Belgien: Jemand rast mit Auto in Menschenmenge – sechs Tote, zig Verletzte

Von Jürgen Fritz, So. 20. Mrz 2022, Titelbild: Twitter-Screenshot, Sotiri Dimpinoudis@sotiridi

In dem wallonischen Dorf Strépy-Bracquegnies raste am Sonntagmorgen bei einer Karnevalsveranstaltung jemand mit dem Auto in die Menschenmenge. Dabei starben mindestens sechs Menschen, darunter ein Kind. Über 30 weitere Personen wurden verletzt, zehn davon schwer, die sich in „kritischem Zustand“ befinden.

Mindestens sechs Tote und zig Verletzte, darunter zwölf schwer in Strépy-Bracquegnies

Der Fahrer des Wagens fuhr offensichtlich mit hoher Geschwindigkeit in die Gruppe, die aus ca. 150 Menschen bestanden haben soll. Mindestens sechs Menschen wurden dabei getötet, darunter auch ein Kind, wie der Bürgermeister mitteilte. Zehn weitere Menschen seien schwer verletzt worden und etwa 20 andere leicht verletzt.

Die belgische Gemeinde Strépy-Bracquegnies liegt etwa 40 Kilometer südwestlich von Brüssel und zählte nach Angaben der übergeordneten Stadt La Louvière zuletzt knapp 9000 Einwohner.

Karte

Ein vorsätzlicher Anschlag?

Ob das Fahrzeug absichtlich in die Menschengruppe gesteuert wurde, blieb zunächst unklar. Der Fahrer fuhr nach Angaben des Bürgermeisters zunächst weiter, konnte dann aber gestoppt und festgenommen werden. Laut RTL Info sollte der Karnevalsumzug um 11 Uhr beginnen. Der Wagen sei in der Nähe einer Sporthalle von hinten in die Gruppe gefahren sein.

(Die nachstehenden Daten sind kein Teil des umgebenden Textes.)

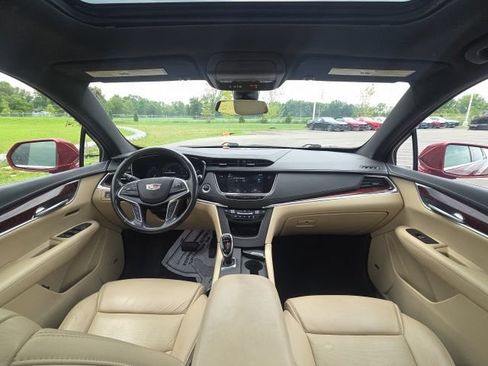 Used 2019 Cadillac XT5 Luxury FWD image 22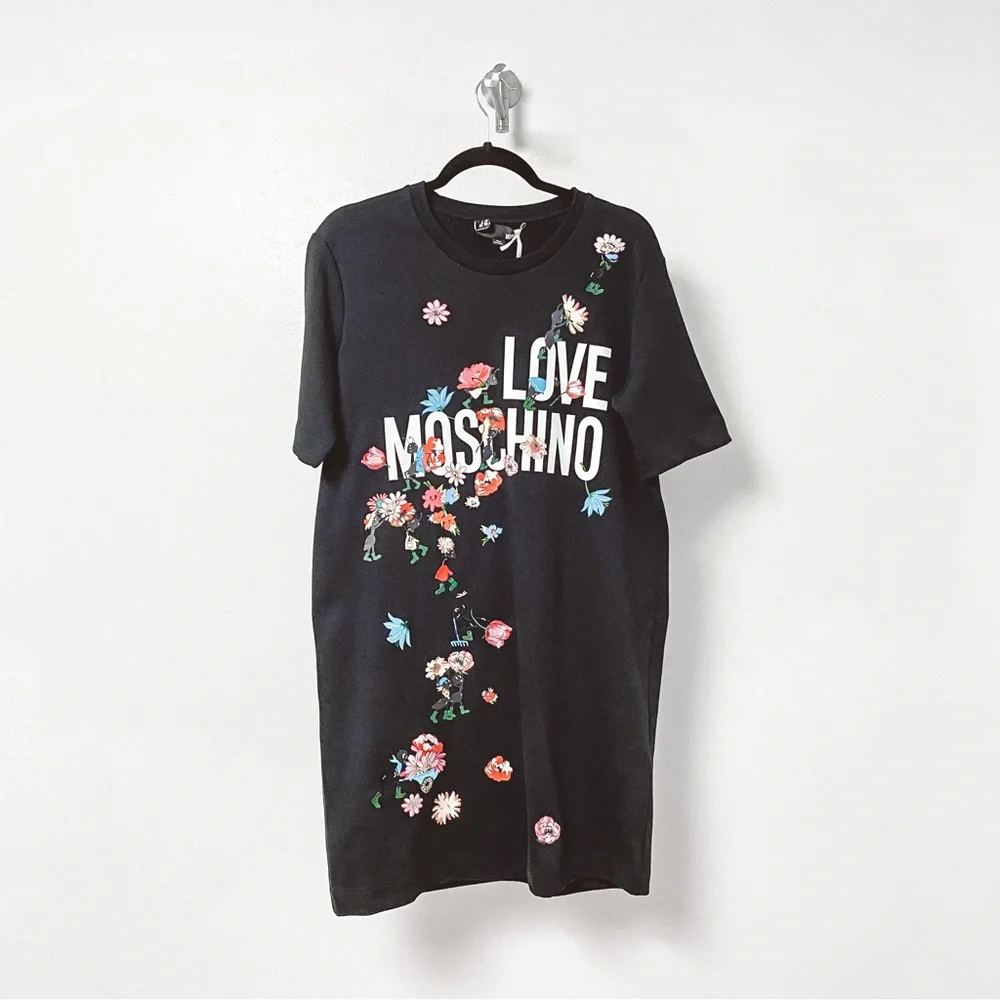 +NWT* Love Moschino Casual Winter Spring Chic Knit Graphic‎ Print Shirt Dress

Ein Moderator des belgischen Radiosenders RTL, der an der Karnevalsveranstaltung teilnahm, berichtete von dramatischen Szenen: „Wir haben hinter uns großen Lärm gehört und von hinten ist ein Auto in die Gruppe von Menschen gefahren. Das Auto beschleunigte, und als wir bemerkt haben, dass etwas nicht stimmt, lagen alle auf dem Boden. Leute haben geschrien. Es war furchtbar.“

Update

Wie es möglich war, dass das Fahrzeug in die Menschengruppe raste, ist weiter unklar. Ein Sprecher der Staatsanwaltschaft betonte, dass es keine Hinweise auf einen terroristischen Hintergrund gebe. Die beiden im Fahrzeug sitzenden Personen kamen demzufolge aus der Region und wurden beide festgenommen. Sie waren den Behörden bislang nicht bekannt und sie sollen Jahrgang 1988 und 1990, also Anfang, Mitte dreißig sein.